TASK ITEM:
The lines to repeat are those below from the one containing "Malbusaat blue floral" down to the one containing "BLUEO Glasfolie - Privacy", both included; reproduce them exactly and nothing else.

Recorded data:
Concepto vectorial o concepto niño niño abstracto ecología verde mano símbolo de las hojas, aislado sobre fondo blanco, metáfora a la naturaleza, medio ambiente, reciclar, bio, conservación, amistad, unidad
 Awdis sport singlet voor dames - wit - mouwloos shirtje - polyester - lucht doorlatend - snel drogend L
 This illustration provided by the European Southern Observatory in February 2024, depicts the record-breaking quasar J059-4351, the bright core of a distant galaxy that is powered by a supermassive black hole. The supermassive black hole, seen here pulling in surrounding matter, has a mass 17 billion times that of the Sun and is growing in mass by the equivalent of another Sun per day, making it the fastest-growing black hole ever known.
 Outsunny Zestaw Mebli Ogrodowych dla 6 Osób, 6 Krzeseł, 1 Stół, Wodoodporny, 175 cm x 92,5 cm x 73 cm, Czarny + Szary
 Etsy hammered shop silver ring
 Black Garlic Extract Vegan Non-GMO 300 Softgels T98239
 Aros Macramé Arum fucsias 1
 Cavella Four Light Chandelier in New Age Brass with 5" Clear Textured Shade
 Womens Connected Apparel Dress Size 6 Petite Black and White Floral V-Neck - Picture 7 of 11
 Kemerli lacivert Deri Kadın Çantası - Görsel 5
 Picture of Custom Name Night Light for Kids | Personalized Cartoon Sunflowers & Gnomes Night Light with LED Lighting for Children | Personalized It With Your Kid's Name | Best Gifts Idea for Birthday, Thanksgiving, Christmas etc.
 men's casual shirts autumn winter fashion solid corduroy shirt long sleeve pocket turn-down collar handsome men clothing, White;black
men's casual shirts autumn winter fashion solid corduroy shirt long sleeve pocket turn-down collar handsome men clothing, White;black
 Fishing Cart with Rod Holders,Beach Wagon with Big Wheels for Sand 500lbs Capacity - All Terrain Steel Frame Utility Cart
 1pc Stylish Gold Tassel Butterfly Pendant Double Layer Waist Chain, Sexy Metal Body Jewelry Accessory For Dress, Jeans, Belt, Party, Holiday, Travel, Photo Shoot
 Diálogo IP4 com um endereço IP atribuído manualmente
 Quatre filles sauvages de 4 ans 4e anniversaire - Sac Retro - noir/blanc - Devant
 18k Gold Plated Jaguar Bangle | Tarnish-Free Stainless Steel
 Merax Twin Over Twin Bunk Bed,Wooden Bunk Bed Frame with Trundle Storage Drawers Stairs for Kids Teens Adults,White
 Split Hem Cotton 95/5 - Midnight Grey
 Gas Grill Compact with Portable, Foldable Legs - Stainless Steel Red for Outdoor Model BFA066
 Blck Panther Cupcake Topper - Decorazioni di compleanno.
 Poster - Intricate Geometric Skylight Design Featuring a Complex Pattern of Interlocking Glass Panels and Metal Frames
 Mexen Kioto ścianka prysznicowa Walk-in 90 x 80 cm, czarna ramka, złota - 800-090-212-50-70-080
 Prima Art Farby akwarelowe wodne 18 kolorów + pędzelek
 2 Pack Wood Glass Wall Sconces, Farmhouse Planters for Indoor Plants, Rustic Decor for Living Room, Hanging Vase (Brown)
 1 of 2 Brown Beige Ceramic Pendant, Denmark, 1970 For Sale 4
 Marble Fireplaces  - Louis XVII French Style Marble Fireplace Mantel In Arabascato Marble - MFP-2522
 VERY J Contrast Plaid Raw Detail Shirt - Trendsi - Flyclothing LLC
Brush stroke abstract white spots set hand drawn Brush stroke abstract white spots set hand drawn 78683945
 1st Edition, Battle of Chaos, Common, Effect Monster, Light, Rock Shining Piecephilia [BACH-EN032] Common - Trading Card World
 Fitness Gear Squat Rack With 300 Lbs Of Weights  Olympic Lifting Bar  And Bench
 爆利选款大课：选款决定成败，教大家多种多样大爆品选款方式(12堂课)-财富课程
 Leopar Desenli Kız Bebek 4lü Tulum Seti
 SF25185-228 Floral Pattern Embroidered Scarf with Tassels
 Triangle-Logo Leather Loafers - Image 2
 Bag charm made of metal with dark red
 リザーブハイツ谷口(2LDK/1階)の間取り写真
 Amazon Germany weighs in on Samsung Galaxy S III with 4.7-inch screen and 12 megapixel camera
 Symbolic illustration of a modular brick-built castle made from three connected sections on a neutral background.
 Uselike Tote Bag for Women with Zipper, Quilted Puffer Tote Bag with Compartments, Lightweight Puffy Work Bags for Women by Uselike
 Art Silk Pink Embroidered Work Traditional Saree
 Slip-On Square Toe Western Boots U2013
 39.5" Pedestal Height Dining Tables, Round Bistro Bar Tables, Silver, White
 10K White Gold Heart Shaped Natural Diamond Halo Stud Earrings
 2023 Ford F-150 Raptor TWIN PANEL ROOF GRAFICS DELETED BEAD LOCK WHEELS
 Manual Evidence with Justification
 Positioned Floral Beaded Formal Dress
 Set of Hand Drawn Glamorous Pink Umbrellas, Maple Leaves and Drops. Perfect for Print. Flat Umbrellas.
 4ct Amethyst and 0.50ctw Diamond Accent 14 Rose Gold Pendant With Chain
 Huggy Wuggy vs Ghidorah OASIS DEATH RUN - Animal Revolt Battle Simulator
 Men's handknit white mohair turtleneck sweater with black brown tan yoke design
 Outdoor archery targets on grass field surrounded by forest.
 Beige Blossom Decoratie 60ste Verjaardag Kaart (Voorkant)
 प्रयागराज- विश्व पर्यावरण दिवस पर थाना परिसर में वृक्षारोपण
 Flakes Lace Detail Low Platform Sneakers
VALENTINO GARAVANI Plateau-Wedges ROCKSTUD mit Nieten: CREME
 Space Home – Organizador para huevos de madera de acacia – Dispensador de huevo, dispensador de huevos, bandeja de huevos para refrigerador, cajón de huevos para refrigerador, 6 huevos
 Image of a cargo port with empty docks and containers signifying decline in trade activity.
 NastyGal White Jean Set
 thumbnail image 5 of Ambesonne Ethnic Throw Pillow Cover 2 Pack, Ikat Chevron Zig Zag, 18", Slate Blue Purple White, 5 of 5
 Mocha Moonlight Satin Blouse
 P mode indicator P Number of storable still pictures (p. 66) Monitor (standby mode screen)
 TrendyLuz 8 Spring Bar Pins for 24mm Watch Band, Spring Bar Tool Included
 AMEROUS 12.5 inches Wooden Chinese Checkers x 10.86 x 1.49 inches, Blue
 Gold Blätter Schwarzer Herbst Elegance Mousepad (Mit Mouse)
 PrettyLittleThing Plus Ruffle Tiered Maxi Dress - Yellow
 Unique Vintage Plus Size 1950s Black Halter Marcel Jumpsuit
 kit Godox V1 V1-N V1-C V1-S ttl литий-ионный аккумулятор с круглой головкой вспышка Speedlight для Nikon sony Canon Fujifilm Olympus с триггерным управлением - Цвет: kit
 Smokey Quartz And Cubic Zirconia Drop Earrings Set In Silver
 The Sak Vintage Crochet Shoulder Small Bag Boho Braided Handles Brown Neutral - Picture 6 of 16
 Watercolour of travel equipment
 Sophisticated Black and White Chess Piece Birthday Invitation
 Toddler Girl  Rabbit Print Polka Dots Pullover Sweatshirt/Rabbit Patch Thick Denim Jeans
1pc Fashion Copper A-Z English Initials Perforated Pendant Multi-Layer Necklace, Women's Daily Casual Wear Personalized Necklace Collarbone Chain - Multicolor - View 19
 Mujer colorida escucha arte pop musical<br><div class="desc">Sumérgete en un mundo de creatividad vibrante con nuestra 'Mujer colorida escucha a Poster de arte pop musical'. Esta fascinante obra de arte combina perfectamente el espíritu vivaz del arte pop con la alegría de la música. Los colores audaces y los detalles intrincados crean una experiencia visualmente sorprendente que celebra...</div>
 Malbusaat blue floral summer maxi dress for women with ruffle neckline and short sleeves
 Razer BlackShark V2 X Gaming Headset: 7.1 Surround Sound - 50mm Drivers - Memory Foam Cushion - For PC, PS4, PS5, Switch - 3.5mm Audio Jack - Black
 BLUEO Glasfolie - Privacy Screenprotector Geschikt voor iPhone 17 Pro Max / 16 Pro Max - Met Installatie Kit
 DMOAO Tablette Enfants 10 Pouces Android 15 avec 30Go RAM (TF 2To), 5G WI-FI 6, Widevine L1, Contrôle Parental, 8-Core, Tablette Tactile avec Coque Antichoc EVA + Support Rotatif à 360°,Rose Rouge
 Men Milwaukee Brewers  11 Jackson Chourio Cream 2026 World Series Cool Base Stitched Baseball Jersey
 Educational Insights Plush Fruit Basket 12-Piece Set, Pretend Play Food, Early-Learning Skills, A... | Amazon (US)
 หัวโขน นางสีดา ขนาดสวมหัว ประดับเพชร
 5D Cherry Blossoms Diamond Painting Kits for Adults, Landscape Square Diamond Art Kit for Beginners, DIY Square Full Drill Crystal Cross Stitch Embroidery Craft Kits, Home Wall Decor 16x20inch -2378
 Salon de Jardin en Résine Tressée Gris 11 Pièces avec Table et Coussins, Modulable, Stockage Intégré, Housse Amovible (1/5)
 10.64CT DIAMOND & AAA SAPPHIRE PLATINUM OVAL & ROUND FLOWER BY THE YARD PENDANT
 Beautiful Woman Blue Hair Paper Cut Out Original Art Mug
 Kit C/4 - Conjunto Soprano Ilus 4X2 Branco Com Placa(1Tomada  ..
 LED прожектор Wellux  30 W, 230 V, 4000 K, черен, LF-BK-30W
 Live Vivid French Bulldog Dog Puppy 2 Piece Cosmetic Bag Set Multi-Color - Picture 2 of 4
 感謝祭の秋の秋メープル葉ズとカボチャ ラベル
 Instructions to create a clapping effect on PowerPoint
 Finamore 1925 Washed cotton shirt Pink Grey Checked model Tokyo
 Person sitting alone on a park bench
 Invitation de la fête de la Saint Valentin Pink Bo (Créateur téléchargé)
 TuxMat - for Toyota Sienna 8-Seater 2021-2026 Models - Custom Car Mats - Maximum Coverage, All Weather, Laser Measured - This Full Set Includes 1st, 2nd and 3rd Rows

FINISHED EXERCISE:
 Malbusaat blue floral summer maxi dress for women with ruffle neckline and short sleeves
 Razer BlackShark V2 X Gaming Headset: 7.1 Surround Sound - 50mm Drivers - Memory Foam Cushion - For PC, PS4, PS5, Switch - 3.5mm Audio Jack - Black
 BLUEO Glasfolie - Privacy Screenprotector Geschikt voor iPhone 17 Pro Max / 16 Pro Max - Met Installatie Kit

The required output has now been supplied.